Brazilian generals head the military component of the 9,000-member force known as the UN Mission to Stabilize Haiti (MINUSTAH) and Brazilian troops predominate.

Markus Sokol, a member of the national directorate of Brazil’s ruling Workers Party (PT), told Amorim that over 600 people, with representatives from seven countries, had gathered in São Paulo last November for a congress which launched a “Continental Day of Action” against the UN occupation of Haiti on June 1, 2012, the date of the eighth anniversary of MINUSTAH. There were anti-occupation actions in ten countries (including 20 Brazilian cities) on that date.

“What are we doing in Haiti?” Sokol asked Amorim. “Former [Defense] minister [Nelson Jobim] said that we were training to scale the hills of Rio; that can’t be!

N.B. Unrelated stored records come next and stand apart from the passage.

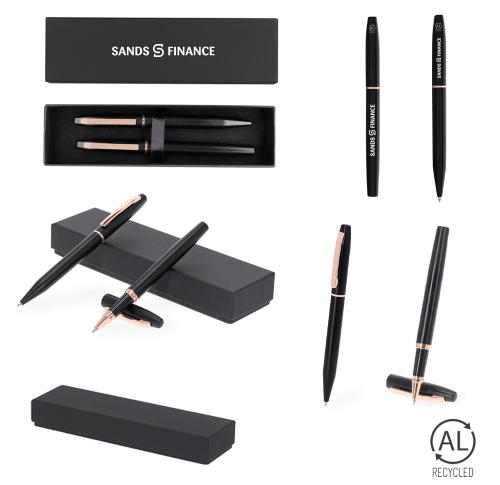 Luxury Pen & Rollerball Recycled Matte Black Aluminium & Rose Gold Pen Set Mobex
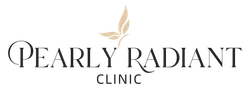 The logo for pearly radiant clinic has a butterfly on it.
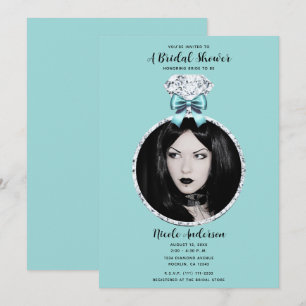 Invitation Bague Turquoise Bleu Diamant Luxueux Cadeau de Mar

“Demonstrations in Haiti continue to demand the restoration of national sovereignty and the withdrawal of troops. The situation has deteriorated, as exemplified by the invasion of the Human Sciences Faculty (FASCH) of the State University of Haiti on June 15 by Brazilian soldiers, protested by the university Rector himself. This must not be what the present government [of Brazilian President Dilma Roussef] is about.”

Fernando Ferro, a PT Federal Deputy representing Pernambuco, told Amorim that “eight years ago I understood the presence of troops for a specific period; but today I can find no justification for their staying.”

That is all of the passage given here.